This one hunk is terrible on the brain. I'm fairly sure I get it, but I
feel that comment can use help. Or at least, I need help reading it.

I'll try and cook up something when my brain starts working again.
Will Deacon April 26, 2018, 4:55 p.m. UTC | #2
Hi Peter,

On Thu, Apr 26, 2018 at 05:53:35PM +0200, Peter Zijlstra wrote:
> On Thu, Apr 26, 2018 at 11:34:19AM +0100, Will Deacon wrote:

> > @@ -290,58 +312,50 @@ void queued_spin_lock_slowpath(struct qspinlock *lock, u32 val)

> >  	}

> >  

> >  	/*

> > +	 * If we observe any contention; queue.

> > +	 */

> > +	if (val & ~_Q_LOCKED_MASK)

> > +		goto queue;

> > +

> > +	/*

> >  	 * trylock || pending

> >  	 *

> >  	 * 0,0,0 -> 0,0,1 ; trylock

> >  	 * 0,0,1 -> 0,1,1 ; pending

> >  	 */

> > +	val = atomic_fetch_or_acquire(_Q_PENDING_VAL, &lock->val);

> > +	if (!(val & ~_Q_LOCKED_MASK)) {

> >  		/*

> > +		 * we're pending, wait for the owner to go away.

> > +		 *

> > +		 * *,1,1 -> *,1,0

> 

> Tail must be 0 here, right?


Not necessarily. If we're concurrently setting pending with another slowpath
locker, they could queue in the tail behind us, so we can't mess with those
upper bits.

> > +		 *

> > +		 * this wait loop must be a load-acquire such that we match the

> > +		 * store-release that clears the locked bit and create lock

> > +		 * sequentiality; this is because not all

> > +		 * clear_pending_set_locked() implementations imply full

> > +		 * barriers.

> >  		 */

> > +		if (val & _Q_LOCKED_MASK) {

> > +			smp_cond_load_acquire(&lock->val.counter,

> > +					      !(VAL & _Q_LOCKED_MASK));

> > +		}

> >  

> >  		/*

> > +		 * take ownership and clear the pending bit.

> > +		 *

> > +		 * *,1,0 -> *,0,1

> >  		 */

> 

> Idem.


Same here, hence why clear_pending_set_locked is either a 16-bit store or an
RmW (we can't just clobber the tail with 0).

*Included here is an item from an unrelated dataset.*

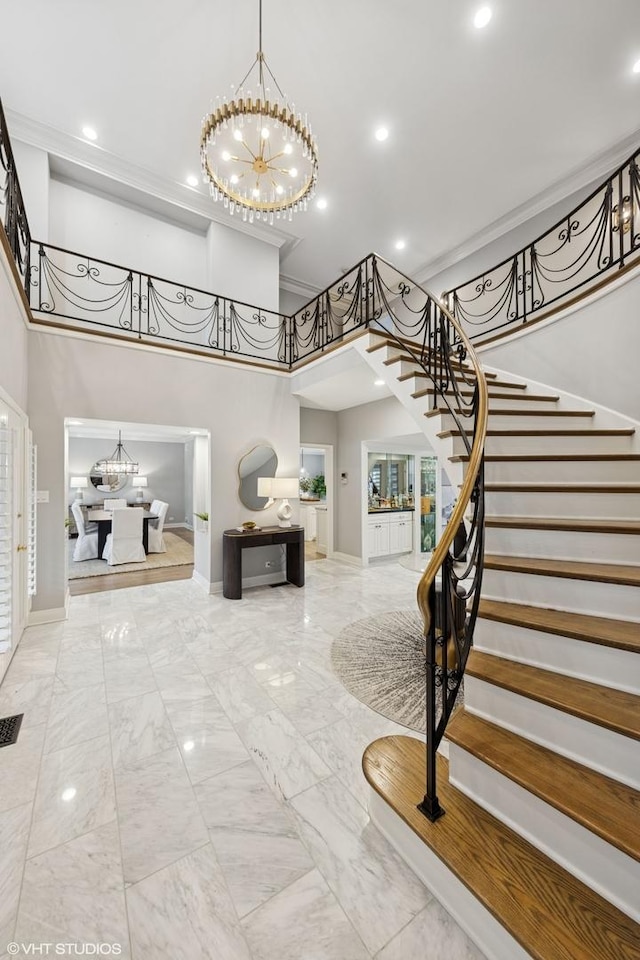 entryway with stairway, baseboards, an inviting chandelier, a towering ceiling, and marble finish floor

> > +		clear_pending_set_locked(lock);

> >  		return;

> > +	}

> >  

> >  	/*

> > +	 * If pending was clear but there are waiters in the queue, then

> > +	 * we need to undo our setting of pending before we queue ourselves.

> >  	 */

> > +	if (!(val & _Q_PENDING_MASK))

> > +		clear_pending(lock);

> 

> This is the branch for when we have !0 tail.


That's the case where "val" has a !0 tail, but I think the comments are
trying to talk about the status of the lockword in memory, no?

> >  	/*

> >  	 * End of pending bit optimistic spinning and beginning of MCS

> 

> > @@ -445,15 +459,15 @@ void queued_spin_lock_slowpath(struct qspinlock *lock, u32 val)

> >  	 * claim the lock:

> >  	 *

> >  	 * n,0,0 -> 0,0,1 : lock, uncontended

> > +	 * *,*,0 -> *,*,1 : lock, contended

> >  	 *

> > +	 * If the queue head is the only one in the queue (lock value == tail)

> > +	 * and nobody is pending, clear the tail code and grab the lock.

> > +	 * Otherwise, we only need to grab the lock.

> >  	 */

> >  	for (;;) {

> >  		/* In the PV case we might already have _Q_LOCKED_VAL set */

> > +		if ((val & _Q_TAIL_MASK) != tail || (val & _Q_PENDING_MASK)) {

> >  			set_locked(lock);

> >  			break;

> >  		}

> 

> This one hunk is terrible on the brain. I'm fairly sure I get it, but I

> feel that comment can use help. Or at least, I need help reading it.

> 

> I'll try and cook up something when my brain starts working again.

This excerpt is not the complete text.